YOUR TASK> Only the lines from the one holding "You probably have" to the end of the data should be echoed, exactly as they appear, minus the pictures.

(Records from a data source)
"""
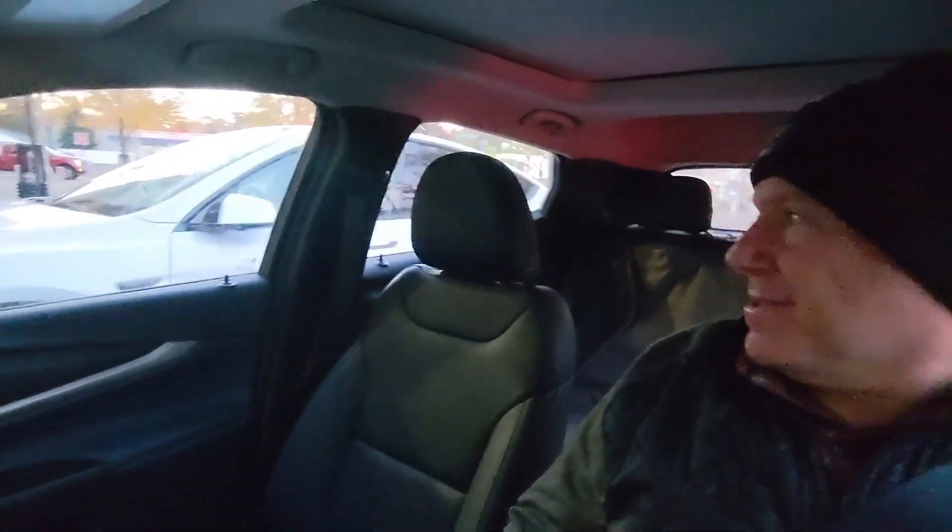I really appreciate your support for my channel. Please like and subscribe. Peace — coffee time. And there's a Tesla next to me. Cool, I think that's a Model X.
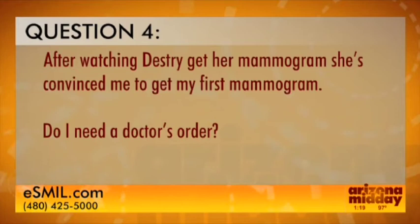After watching the series, one viewer is convinced to get her first mammogram and wants to know: 'Do I need a doctor's order?' We do like for you to have a doctor's order, because if you need any follow-up we want to make sure you have a clinician to work with. However, if you absolutely can't get an order, there are some facilities that accept self-referral and you can schedule there.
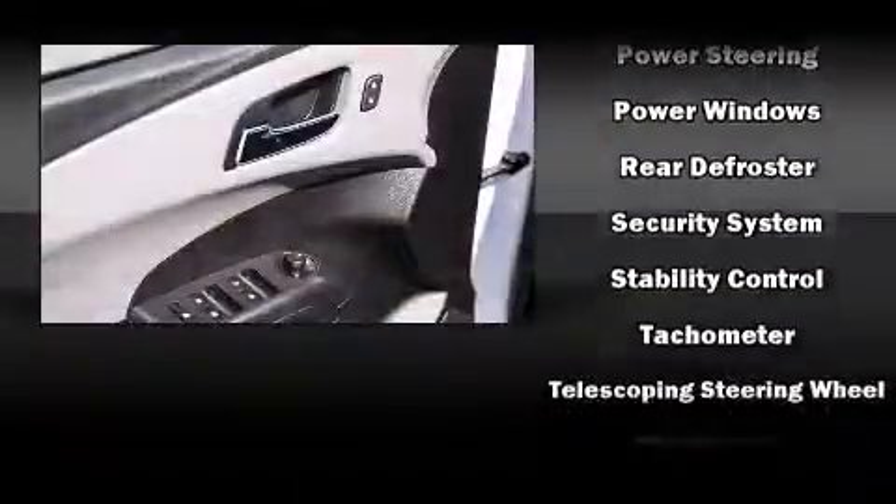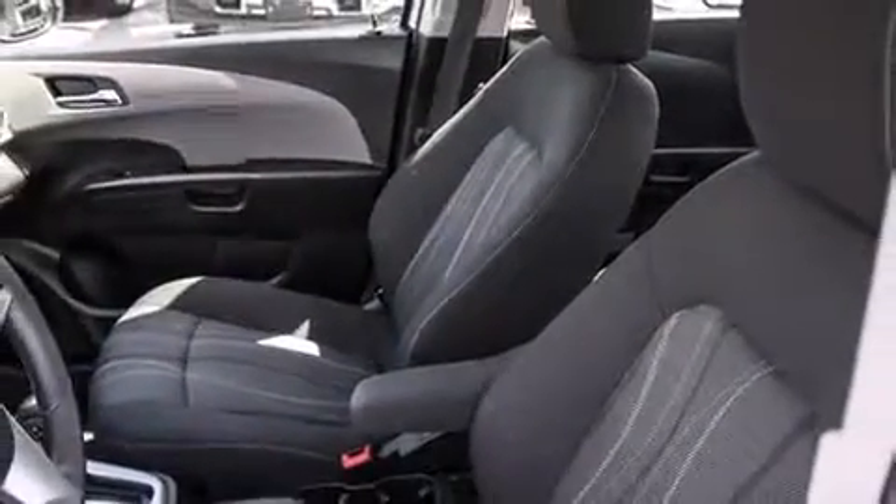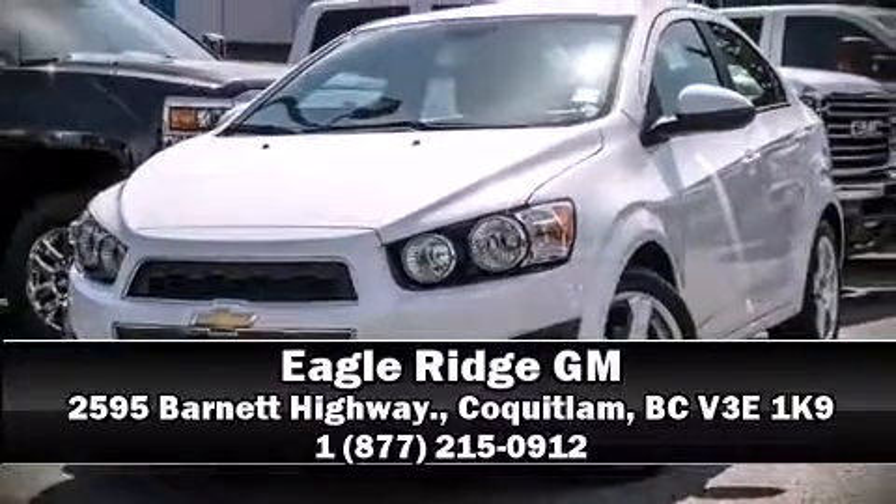This vehicle has achieved certified pre-owned status by passing a comprehensive certification process, including a rigorous 117-point inspection. Please don't hesitate to give us a call.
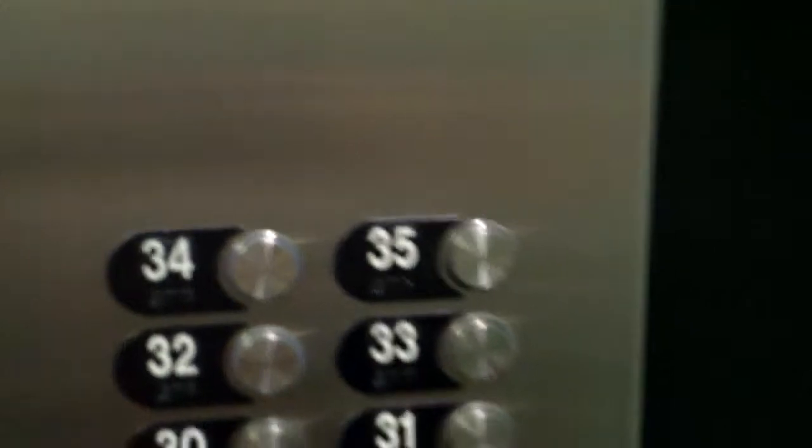That's high. The floors aren't all locked — so 35, 34, and they're all locked, it seems.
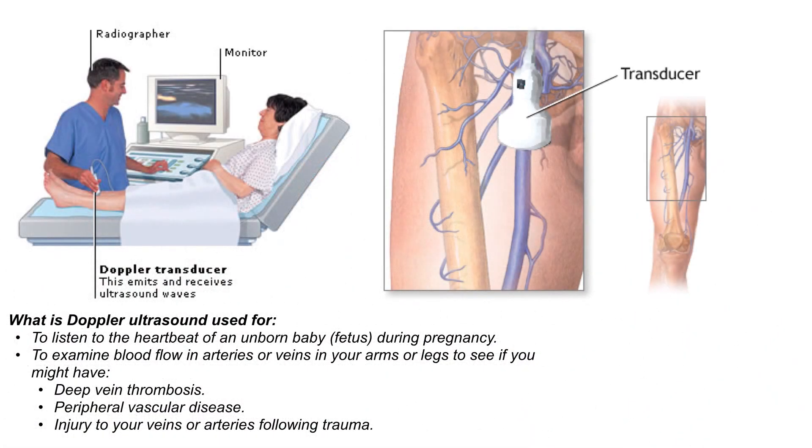What is the Doppler ultrasound used for? To listen to the heartbeat of an unborn baby or fetus during pregnancy. To examine blood flow in the arteries or veins in your arms or legs to see if you might have a deep vein thrombosis or a clot, peripheral vascular disease, or injury to your veins or arteries following trauma.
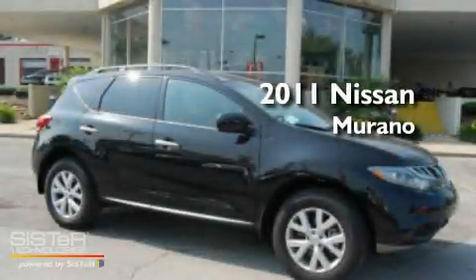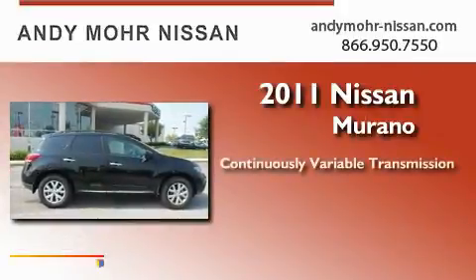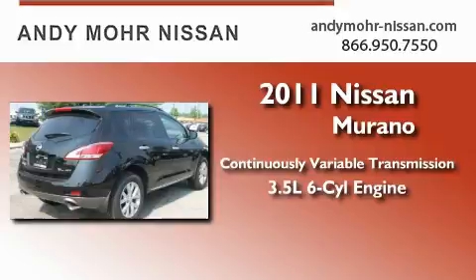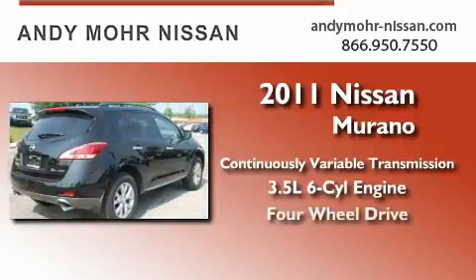This is a brand new 2011 Nissan Murano. This crossover has a continuously variable transmission, a 3.5-liter V6, and 4-wheel drive.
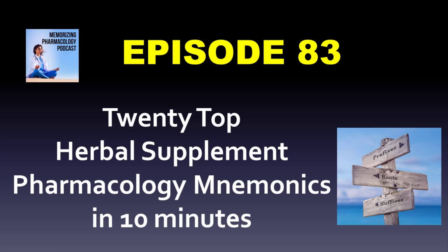Hey, welcome to the Memorizing Pharmacology podcast. I'm Tony Guerra, your host. Always check the show notes to see if there's a link. You may be able to get one of the Memorizing Pharmacology books for free if you've never been an Audible member before.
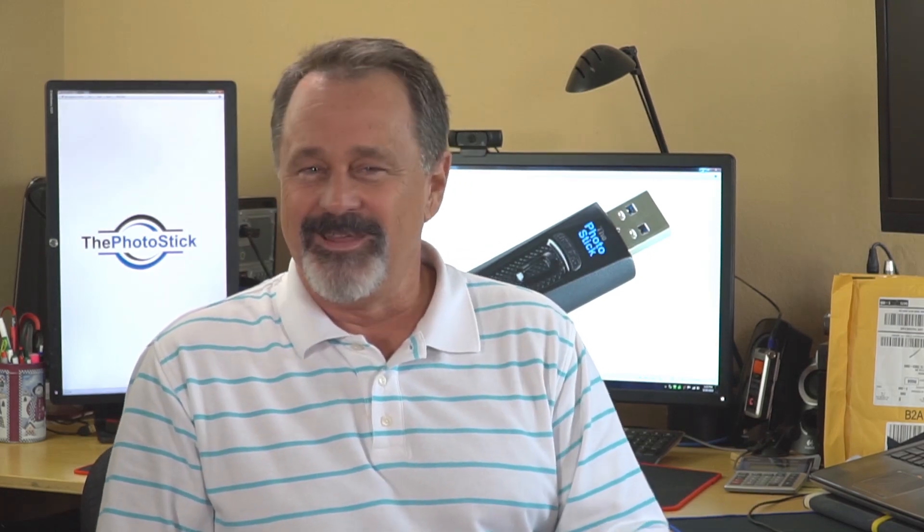You probably have a lot of photos and videos on your computer, and you probably intend to back them up, but you just haven't gotten around to doing it. Maybe backup seems hard to do, or maybe it's too expensive, and for sure it takes too long. Maybe you've tried the cloud and had problems.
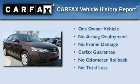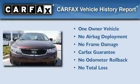This Kia has had only one owner and it qualifies for the Carfax buyback guarantee. This vehicle is sure to sell fast.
"""
EXPECTED ANSWER>
You probably have a lot of photos and videos on your computer, and you probably intend to back them up, but you just haven't gotten around to doing it. Maybe backup seems hard to do, or maybe it's too expensive, and for sure it takes too long. Maybe you've tried the cloud and had problems.
This Kia has had only one owner and it qualifies for the Carfax buyback guarantee. This vehicle is sure to sell fast.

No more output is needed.